Where's The Snow?

Where's The Snow?
SEATTLE - It's a pretty simple formula: The lower the snow pack, the greater the risk of a water shortage in the summer.

And low snow levels can sometimes indicate a drought or a bad wildfire season.

There's barely any snow up in them there hills. The Cascades and Olympic Mountain ranges are bare in spots and skimping by with some of the lowest snow pack we've seen since 1977.

Could it be deja vu all over again? In 1977 the low snowpack lead to one of the worst droughts in state history.

"The longer range computer forecasting models, 2,3 or 4 months out are becoming more consistent and they're showing us staying in this dry pattern with temps above normal. That's a bad combination for getting more snow in the mountains," says KOMO Meteorologist Todd Johnson.

But Todd says that doesn't mean we won't get snow. Todd reminds us we still have 6 more weeks of winter to try and catch up.

University of Washington Atmospheric Sciences professor Cliff Mass says we're being too pessimistic in worrying now about a drought and forest fires.

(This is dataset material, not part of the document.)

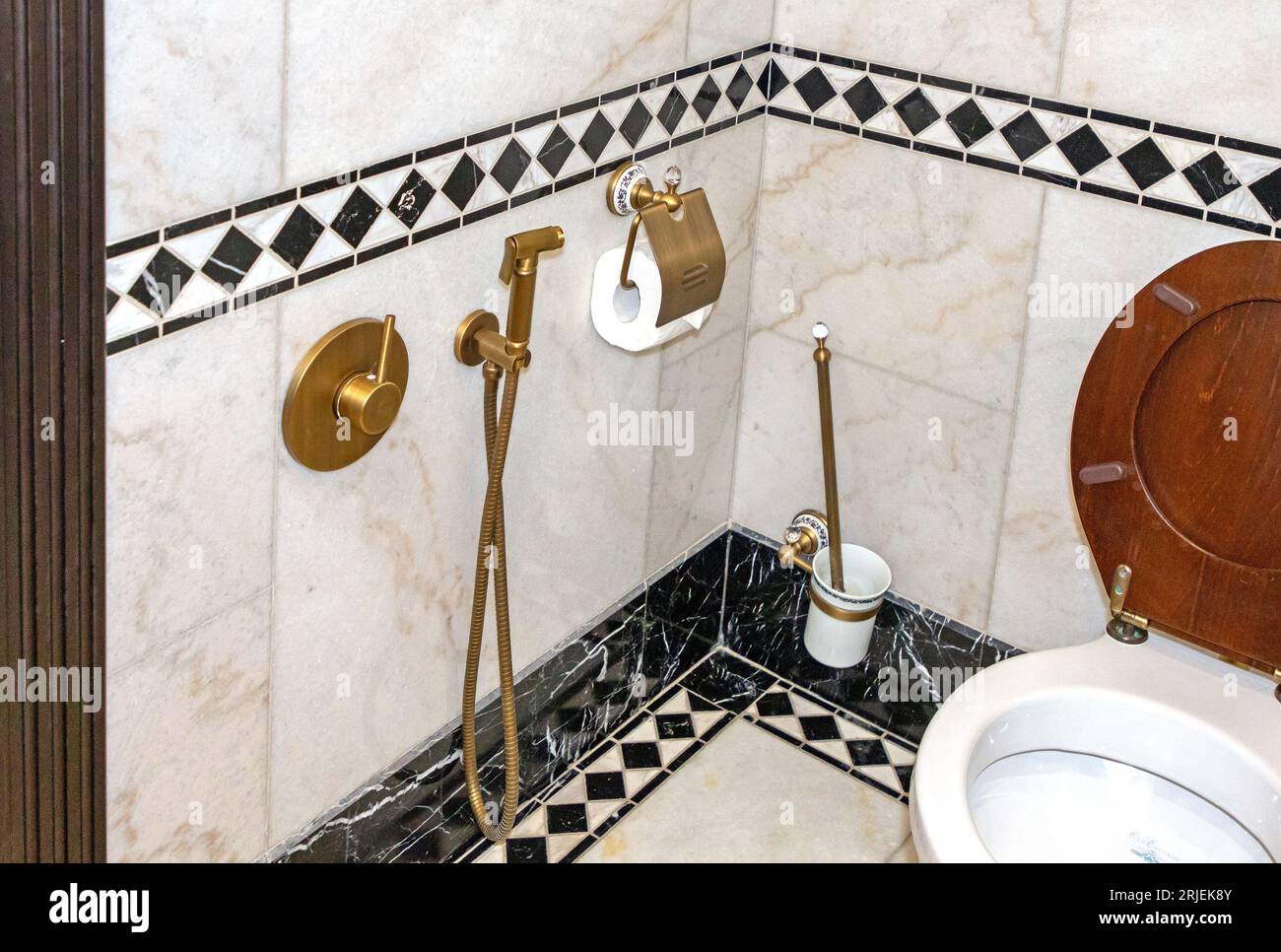 Piccolo. interno del bagno con wc in legno e piastrelle decorative Foto Stock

"We're only half way thru the snow season, the max snow really peaks around the first week of April," says Mass.

In fact, in 1976 we started out with a wimpy winter. Mt. Baker was hurting for snow.

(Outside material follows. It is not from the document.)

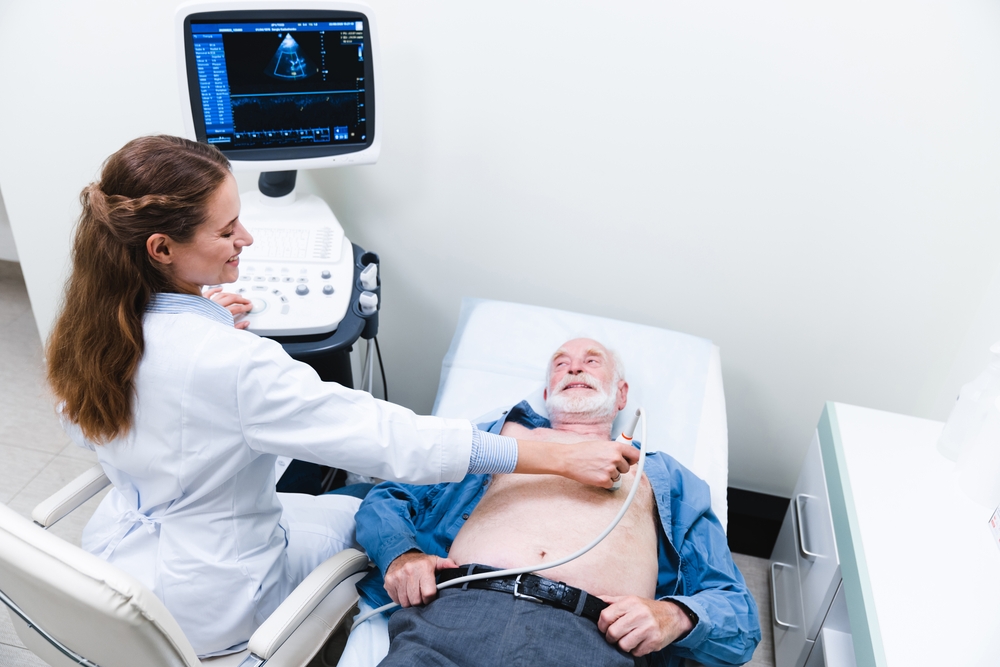 Clinician performing a heart ultrasound scan on an older patient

"Then late in February and March we got big snow storms and made up the whole deficit," says Todd Johnson.

Cooler air is already making a comeback; the weekend forecast calls for cooler temps and snow in the mountains.

And then there's Punxsutawney Phil. He saw his shadow on Groundhog Day this year, meaning 6 more weeks of winter according to a groundhog.

"There are other groundhogs that have come up in competition. There are 6 of them ...3 said early spring, 3 said the way it would be in a normal calendar year (more winter)," says Johnson.

That's means there's a 50-50 chance of more snow?